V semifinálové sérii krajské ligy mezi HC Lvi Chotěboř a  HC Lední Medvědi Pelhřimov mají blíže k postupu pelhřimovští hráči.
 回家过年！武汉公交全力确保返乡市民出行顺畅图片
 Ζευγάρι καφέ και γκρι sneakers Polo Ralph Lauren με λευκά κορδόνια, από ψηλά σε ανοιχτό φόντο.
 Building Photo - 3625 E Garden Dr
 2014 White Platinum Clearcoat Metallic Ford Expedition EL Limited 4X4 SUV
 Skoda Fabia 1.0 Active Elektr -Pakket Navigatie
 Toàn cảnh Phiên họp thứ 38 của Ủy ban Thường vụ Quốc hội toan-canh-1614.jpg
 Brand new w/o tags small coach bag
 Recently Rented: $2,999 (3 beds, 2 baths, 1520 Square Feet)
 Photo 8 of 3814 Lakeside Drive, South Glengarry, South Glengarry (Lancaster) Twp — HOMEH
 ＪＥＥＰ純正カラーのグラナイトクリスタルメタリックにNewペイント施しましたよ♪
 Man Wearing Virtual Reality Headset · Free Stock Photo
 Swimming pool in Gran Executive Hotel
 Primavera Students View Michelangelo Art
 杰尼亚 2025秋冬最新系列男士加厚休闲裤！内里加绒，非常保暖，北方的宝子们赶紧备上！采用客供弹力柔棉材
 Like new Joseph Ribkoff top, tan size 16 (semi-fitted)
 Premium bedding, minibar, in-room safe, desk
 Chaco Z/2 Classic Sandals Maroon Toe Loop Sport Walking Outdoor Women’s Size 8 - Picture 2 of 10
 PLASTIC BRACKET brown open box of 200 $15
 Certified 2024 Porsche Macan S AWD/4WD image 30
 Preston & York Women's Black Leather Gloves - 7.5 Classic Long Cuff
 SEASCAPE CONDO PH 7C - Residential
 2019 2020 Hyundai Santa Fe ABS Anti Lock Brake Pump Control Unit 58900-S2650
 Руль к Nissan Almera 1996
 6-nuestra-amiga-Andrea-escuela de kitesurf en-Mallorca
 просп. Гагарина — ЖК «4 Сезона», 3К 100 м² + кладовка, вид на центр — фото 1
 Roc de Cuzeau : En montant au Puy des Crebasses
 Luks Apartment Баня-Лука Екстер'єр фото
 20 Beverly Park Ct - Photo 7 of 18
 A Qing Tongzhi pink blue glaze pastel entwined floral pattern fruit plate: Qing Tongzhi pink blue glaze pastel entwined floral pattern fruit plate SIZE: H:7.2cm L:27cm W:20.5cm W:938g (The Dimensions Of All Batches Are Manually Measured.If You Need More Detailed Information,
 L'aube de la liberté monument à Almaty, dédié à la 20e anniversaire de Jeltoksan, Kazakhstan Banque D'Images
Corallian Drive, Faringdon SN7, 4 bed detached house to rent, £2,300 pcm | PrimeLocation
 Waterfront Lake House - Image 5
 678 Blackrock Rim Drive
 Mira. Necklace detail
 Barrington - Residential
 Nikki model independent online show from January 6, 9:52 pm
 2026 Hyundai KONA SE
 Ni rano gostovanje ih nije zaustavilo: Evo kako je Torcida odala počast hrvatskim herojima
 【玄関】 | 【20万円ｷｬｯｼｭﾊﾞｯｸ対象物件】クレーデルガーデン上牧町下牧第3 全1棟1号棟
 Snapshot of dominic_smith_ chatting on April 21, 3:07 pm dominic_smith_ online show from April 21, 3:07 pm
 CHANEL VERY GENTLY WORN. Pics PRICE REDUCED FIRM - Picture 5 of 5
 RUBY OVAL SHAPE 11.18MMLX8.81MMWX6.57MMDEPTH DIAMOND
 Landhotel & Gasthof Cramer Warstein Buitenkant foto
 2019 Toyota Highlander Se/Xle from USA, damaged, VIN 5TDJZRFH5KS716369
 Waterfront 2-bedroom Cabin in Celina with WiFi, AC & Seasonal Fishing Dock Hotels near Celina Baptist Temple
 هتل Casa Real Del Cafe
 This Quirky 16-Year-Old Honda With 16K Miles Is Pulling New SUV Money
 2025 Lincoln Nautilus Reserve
───
In the listing above, find the line containing "Building Photo - 3625 E Garden Dr" and the line containing "Roc de Cuzeau", then quote both, plus every line between them, exactly as written.

 Building Photo - 3625 E Garden Dr
 2014 White Platinum Clearcoat Metallic Ford Expedition EL Limited 4X4 SUV
 Skoda Fabia 1.0 Active Elektr -Pakket Navigatie
 Toàn cảnh Phiên họp thứ 38 của Ủy ban Thường vụ Quốc hội toan-canh-1614.jpg
 Brand new w/o tags small coach bag
 Recently Rented: $2,999 (3 beds, 2 baths, 1520 Square Feet)
 Photo 8 of 3814 Lakeside Drive, South Glengarry, South Glengarry (Lancaster) Twp — HOMEH
 ＪＥＥＰ純正カラーのグラナイトクリスタルメタリックにNewペイント施しましたよ♪
 Man Wearing Virtual Reality Headset · Free Stock Photo
 Swimming pool in Gran Executive Hotel
 Primavera Students View Michelangelo Art
 杰尼亚 2025秋冬最新系列男士加厚休闲裤！内里加绒，非常保暖，北方的宝子们赶紧备上！采用客供弹力柔棉材
 Like new Joseph Ribkoff top, tan size 16 (semi-fitted)
 Premium bedding, minibar, in-room safe, desk
 Chaco Z/2 Classic Sandals Maroon Toe Loop Sport Walking Outdoor Women’s Size 8 - Picture 2 of 10
 PLASTIC BRACKET brown open box of 200 $15
 Certified 2024 Porsche Macan S AWD/4WD image 30
 Preston & York Women's Black Leather Gloves - 7.5 Classic Long Cuff
 SEASCAPE CONDO PH 7C - Residential
 2019 2020 Hyundai Santa Fe ABS Anti Lock Brake Pump Control Unit 58900-S2650
 Руль к Nissan Almera 1996
 6-nuestra-amiga-Andrea-escuela de kitesurf en-Mallorca
 просп. Гагарина — ЖК «4 Сезона», 3К 100 м² + кладовка, вид на центр — фото 1
 Roc de Cuzeau : En montant au Puy des Crebasses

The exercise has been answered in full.